■ **Work instruction**
Everything from the line with "1516 3 trainees snack soft mini sticks tuna" to the line with "Продаж на аукціоні" in the listing below, both lines included, needs to be copied exactly, apart from the pictures.

■ **Entries shown**
╭──

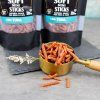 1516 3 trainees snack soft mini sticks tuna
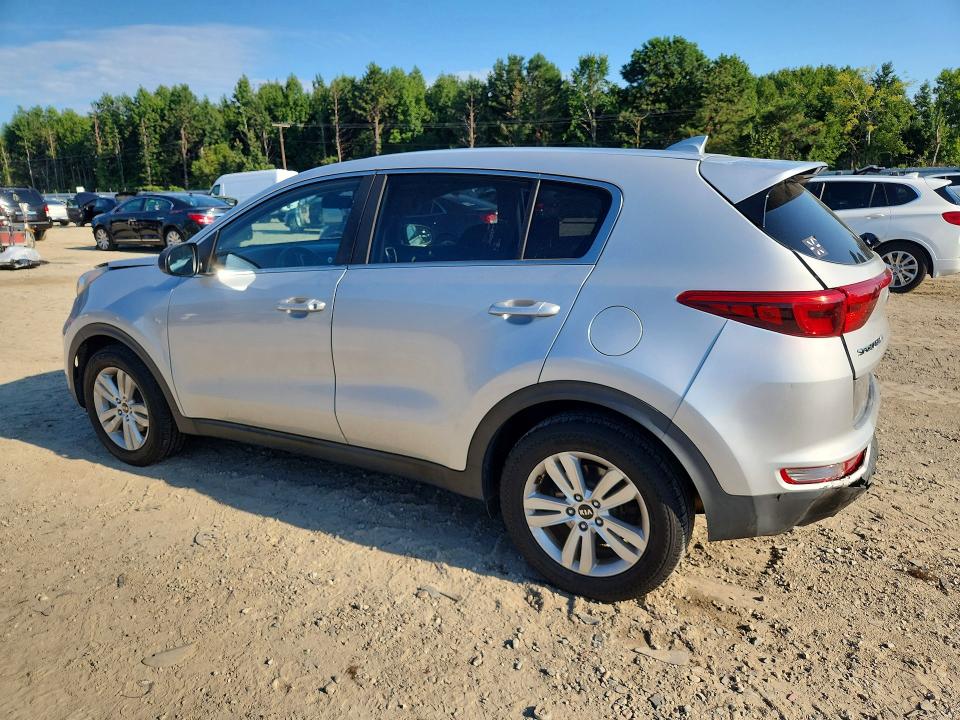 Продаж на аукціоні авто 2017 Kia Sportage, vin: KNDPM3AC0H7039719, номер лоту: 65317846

╰──
╭──

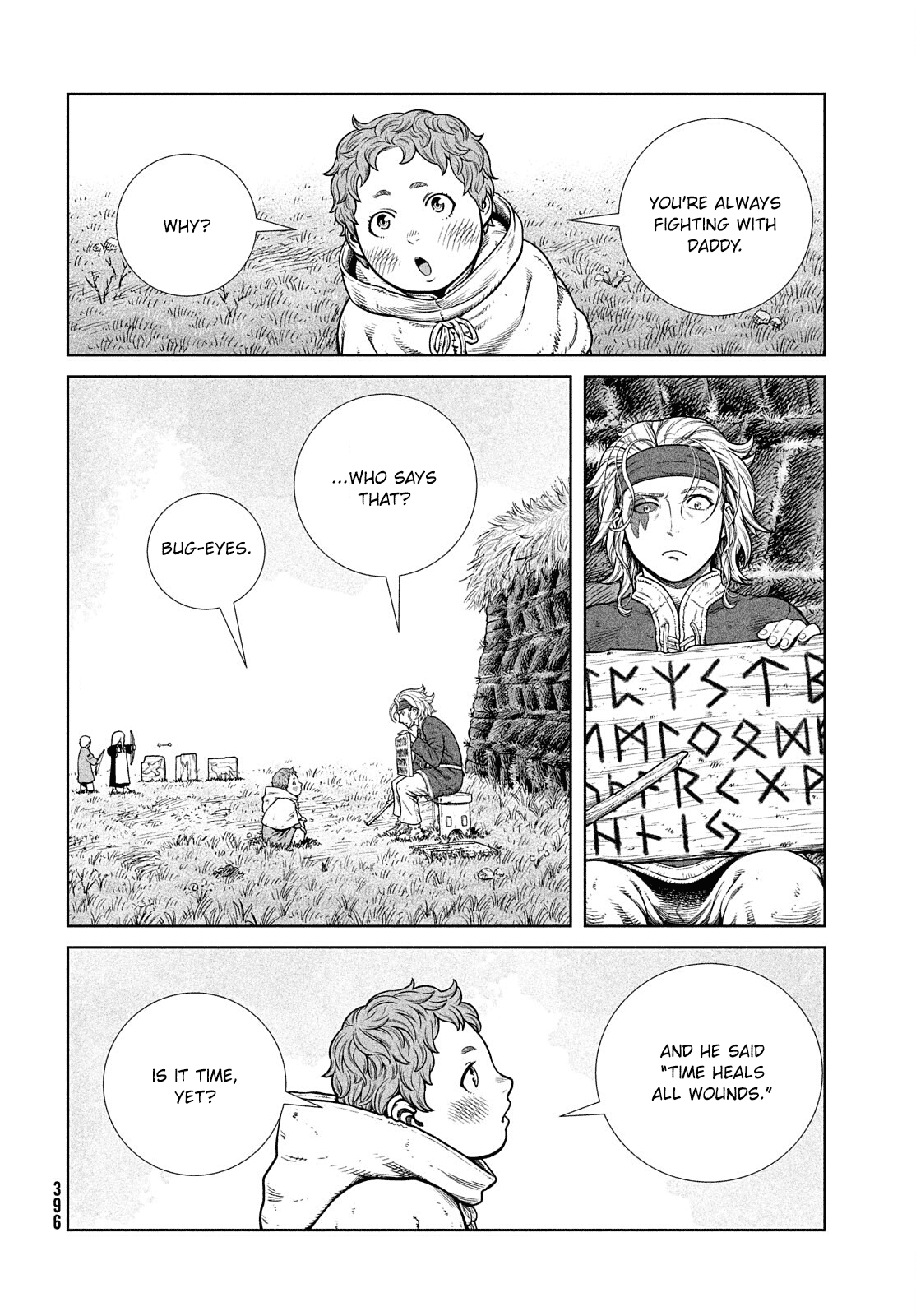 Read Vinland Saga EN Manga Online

╰──

■ **Result below**
 1516 3 trainees snack soft mini sticks tuna
 Продаж на аукціоні авто 2017 Kia Sportage, vin: KNDPM3AC0H7039719, номер лоту: 65317846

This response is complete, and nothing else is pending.